What are the strength and direction of the electric field 1.0 mm from (a) a proton and (b) an electron?

Short answer

a. the strength of the electric field for proton $E=1.44\times {10}^{-3}\mathrm{N}/\mathrm{C}$. The electric field due to the electron is directed radially away from the proton.
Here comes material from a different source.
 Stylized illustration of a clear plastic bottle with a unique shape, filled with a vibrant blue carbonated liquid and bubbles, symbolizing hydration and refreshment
b. the strength of the electric field for electron $E=-1.44\times {10}^{-3}\mathrm{N}/\mathrm{C}$. The electric field due to the electron is directed radially towards the electron.

Step-by-step solution

Given information

proton is at distance 1.00 mm

electron is at distance 1.00 mm

Explanation (part a)

Strength of electric field can be calculated as

$$\begin{gathered} E=\frac{KQ}{r^2} \\ E=\frac{\left(8.99\times {10}^9\mathrm{N}.{\mathrm{m}}^2/{\mathrm{C}}^2\right)\left(1.6\times {10}^{-19}\mathrm{C}\right)}{{\left(1.0\times {10}^{-3}\mathrm{m}\right)}^2} \\ E=1.44\times {10}^{-3}\mathrm{N}/\mathrm{C} \end{gathered}$$

Explanation (part b)

As the magnitude of the charge on the electron and proton is same but with opposite sign. So the magnitude of the electric field due to the electron is the same as the magnitude of the electric field due to the proton, at equal distances but in opposite direction.

The electric field due to the electron is directed radially towards the electron.